The misfortune, which she had so long expected and foreseen, was now upon her and ready to crush her and the future of her children. Her husband was arrested—that is to say, he was condemned to die.

At this thought Josephine rose up like a lioness; the indolence, the dreamy quietude of the creole, had suddenly vanished, and Josephine was now a resolute, energetic woman, anxious to risk every thing, to try every thing, so as to save her husband, the father of her children. She now knew no timidity, no trembling, no fear, no horror; every thing in her was decision of purpose; keen, daring action. Letters, visits, petitions, and even personal supplications, every thing was tried; there was no humiliation before which she shrank.

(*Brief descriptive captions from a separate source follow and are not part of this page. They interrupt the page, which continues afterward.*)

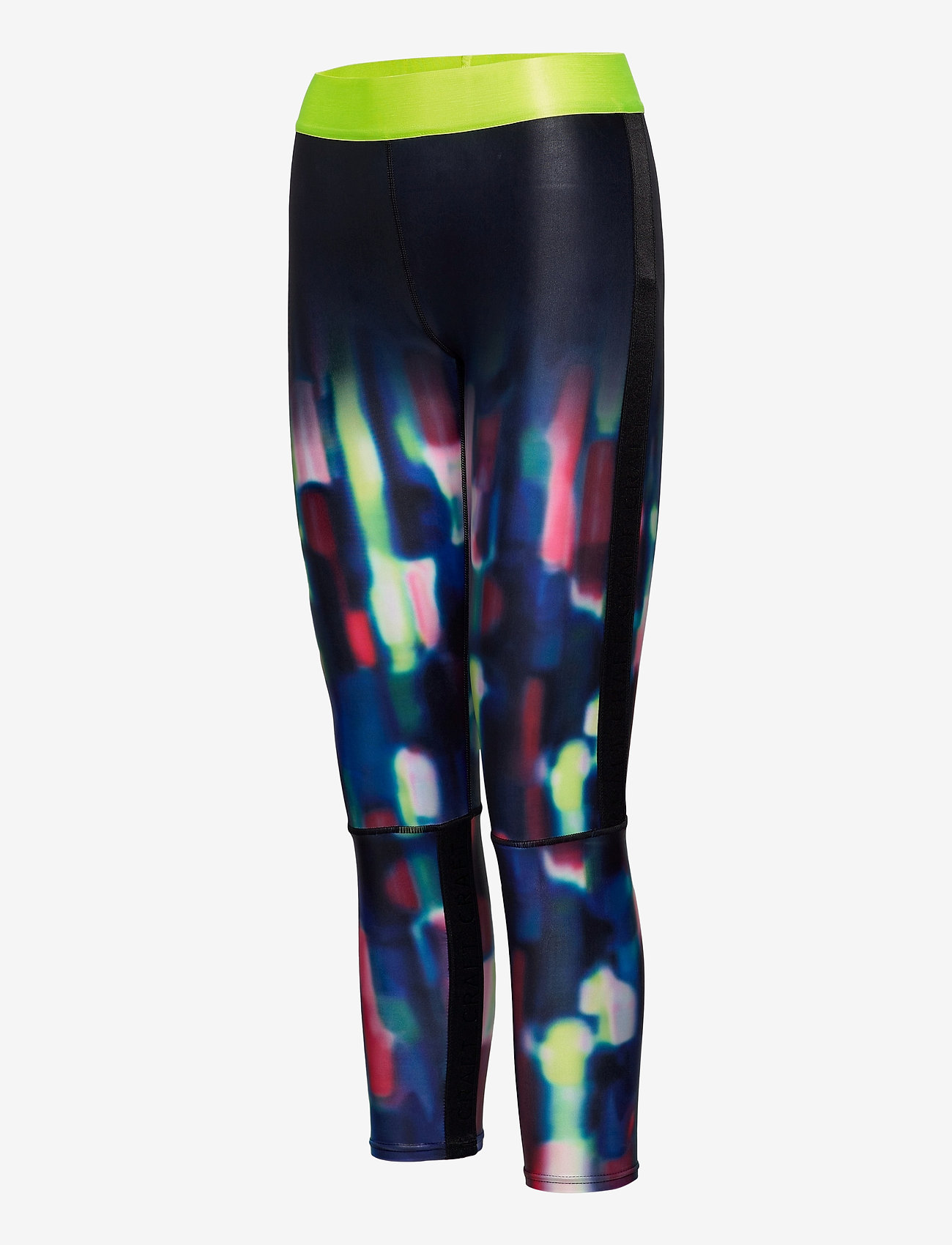 Craft - ASOME TIGHTS W - multi/black - 2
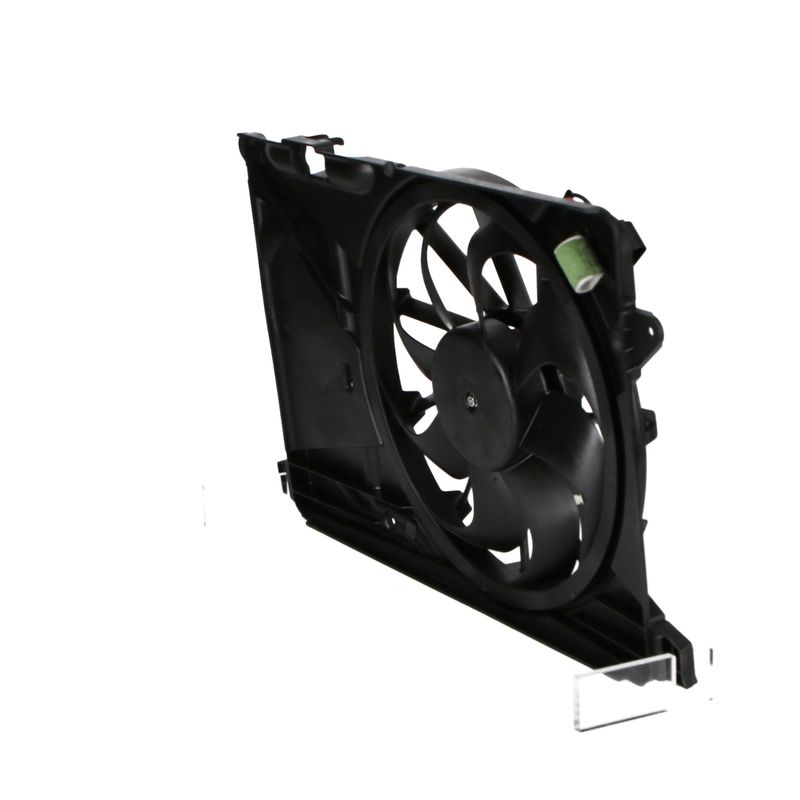 NISSENS 850124 Fan, engine cooling
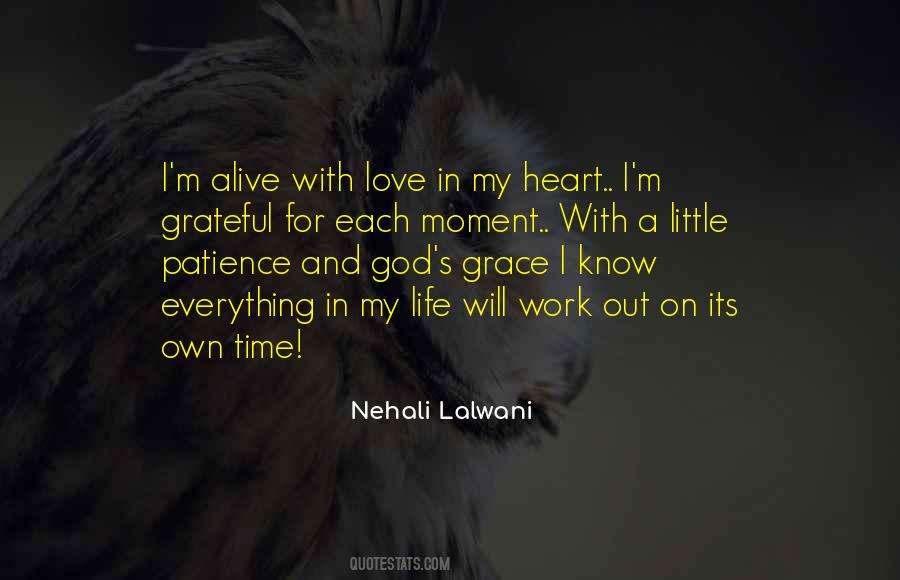 Nehali Lalwani Quotes #70789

For long hours she sat in the anterooms of the tribunal of the revolution, of the ministers who, however much they despised the aristocrats, imitated their manners, and made the people wait in the vestibule, even as the ministers of the tyrant had done; with tears, with all the eloquence of love, she entreated those men of blood and terror to give her back her husband, or at least not to condemn him before he had been accused, and to furnish him with the means of defence.

But those new lords and rulers of France had no heart for compassion; Robespierre, Marat, Danton, could not be moved by the tears which a wife could shed for an accused husband. They had already witnessed so much weeping, listened to so many complaints, to so many cries of distress, their eyes were not open for such things, their ears heard not.

France was diseased, and only by drawing away the bad blood could she be restored to health, could she be made sound, could she rise up again with the strength of youth! And Marat, Danton, Robespierre, were the physicians who were healing France, who were restoring her to health by thus horribly opening her veins. Marat and Danton murdered from bloodthirsty hatred, from misanthropy and vengeance; Robespierre murdered through principle, from the settled fanatical conviction, that France was lost if all the old corrupt blood was not cleansed away from her veins, so as to replenish them with youthful, vitalizing blood.

Robespierre was therefore inexorable, and Robespierre now ruled over France! He was the dictator to whom every thing had to bow; he was at the head of the tribunal of revolution; he daily signed hundreds of death-warrants; and this selfsame man, who once in Arras had resigned his office of judge because his hand could not be induced to sign the death-warrant of a convicted criminal [Footnote: See “Maximilian Robespierre,” by Theodore Mundt, vol. i.]—this man, who shed tears over a tame dove which the shot of a hunter had killed, could, with heart unmoved, with composed look, sit for long hours near the guillotine on the tribune of the revolution, and gaze with undimmed eyes on the heads of his victims falling under the axe.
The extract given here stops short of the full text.